That's what you'd do with the time machine?...

i'd go back to last year and bet everything I own on the eagles winning the superbowl before the season started... then I would have won several hundrend of millions instead of a 4k...

Laughs before cash as the saying goes.
 
Meh, Chinese people can be the most racist people on the planet. All races are racist. Everyone is racist. Race is racist.

Fuck you asshole..

We Chinese people ARE the most racist people on the planet as a race...

Don't half ass your allegations with this can or cannot bullshit...
 
Fuck you asshole..

We Chinese people ARE the most racist people on the planet as a race...
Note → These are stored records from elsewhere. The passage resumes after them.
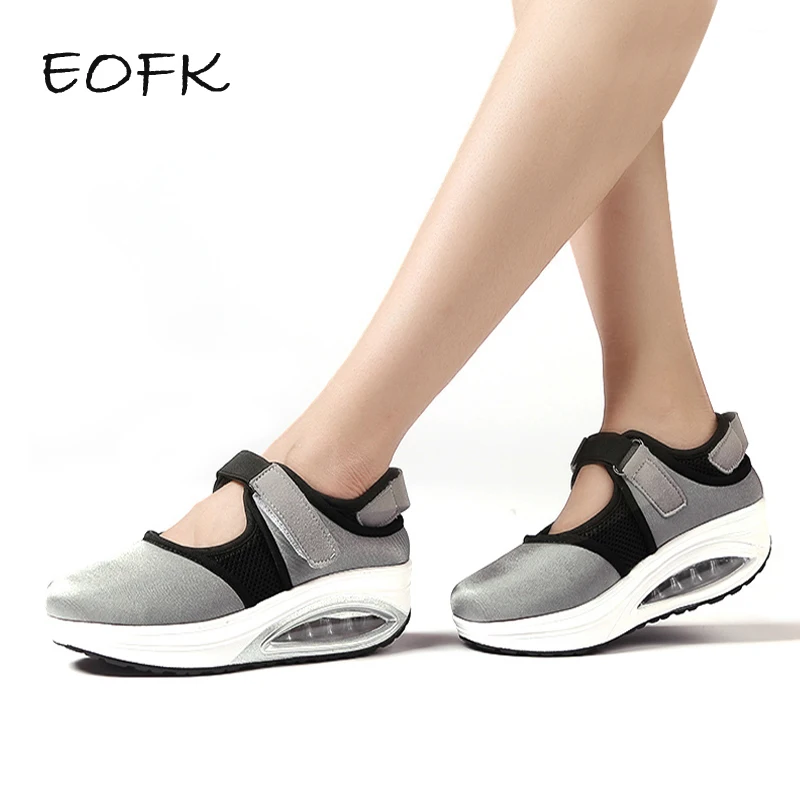 

EOFK New Women Flat Platform Shoes Women's Flats Fabric Mesh Patchwork Casual Hook & Loop Shoes Woman Shallow Female shoes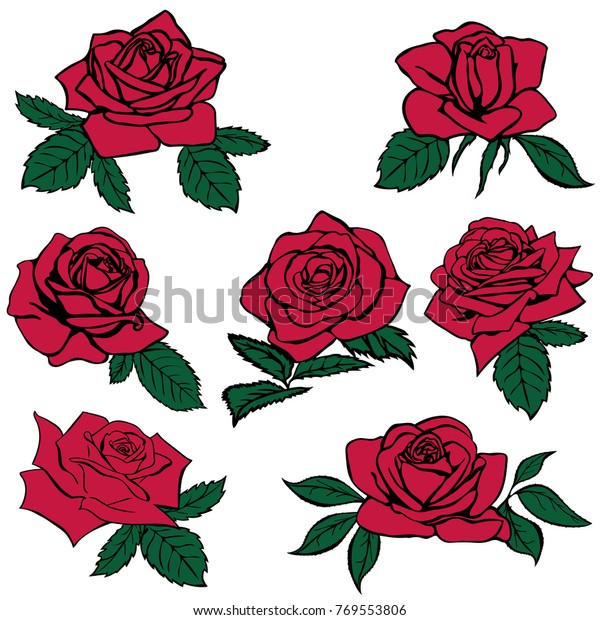 Silhouettes Roses Isolated On White Background Stock Vector (Royalty ...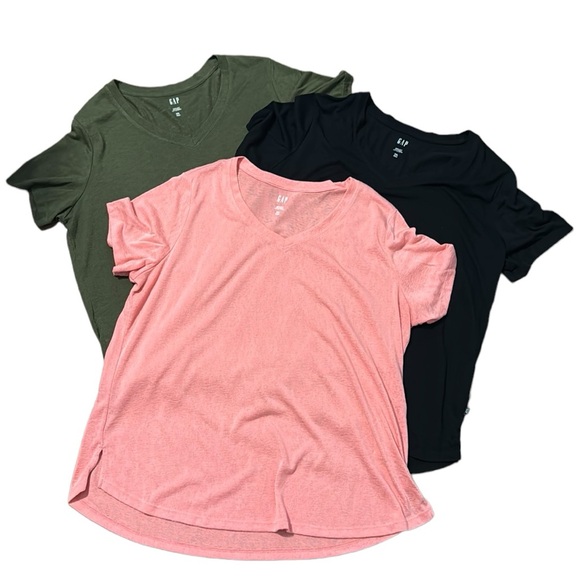 Women's V-Neck T-Shirt Trio - Pink, Black, and Green - Picture 1 of 7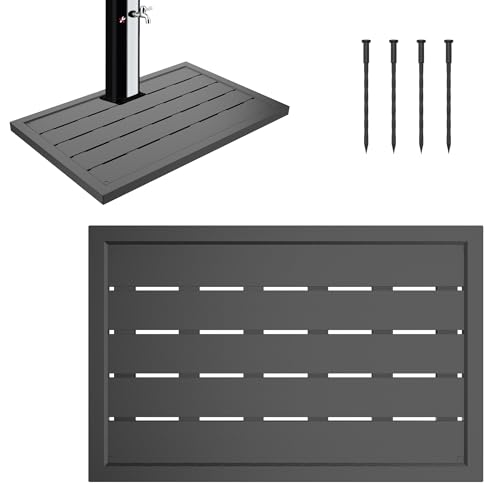 PEILU Kunststoffboden 100x65x4cm Plastik Bodenelement für Poolleiter oder Pool rutschfest Solardusche Bodenplatte Wetterfest Holzoptik Boden für Gartendusche Pooldusche Outdoor Dusche (Anthrazit)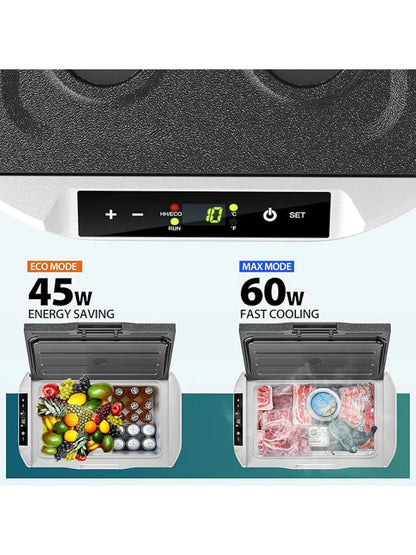 Car cooling box with compressor, 18/20/30.6/35/45/49.4L, with app, portable refrigerator 12V 24V 230V, camping refrigerator down to -20°C for cars and trucks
Don't half ass your allegations with this can or cannot bullshit...
My bad, my bad.
 
That's what you'd do with the time machine?...

i'd go back to last year and bet everything I own on the eagles winning the superbowl before the season started... then I would have won several hundred of millions instead of 4k...
Or bet that an expansion team would make it to the Stanley Cup finals.
 
meh...

probably some of this shit is taken out of context. plus that was written he was still living in Germany. not too far fetched considered where he grew up and where he travelled.. he probably saw some really fucked up shit abroad...

He joined the NAACP in Princeton and championed for civil rights for African Americans... sooooo is he racist..? i'd say no.. not later in his life in the US for sure.

Donald Sterling who got caught on a private convo saying racist things about Blacks, was also a member of NAACP or was about to be given an award by them as well.

I dont think Einstein is racist in the way of Hatred and wishing death, he was just stating a personal opinion from his observations, but to say because someone joined NAACP means they are not racist is funny, its like saying a person who wears a Cross is a good practicing sinless Christian. You will never really know since there are people who are wolf and sheeps clothing.

Look at Harvey Weinstein he was an outspoken feminist and look how he got exposed sexing up all those women and begging and forcing them to watch him jerk off or suck him off to keep their jobs.
 
I wouldn't call it racist, possibly politically incorrect but so often the truth is politically incorrect.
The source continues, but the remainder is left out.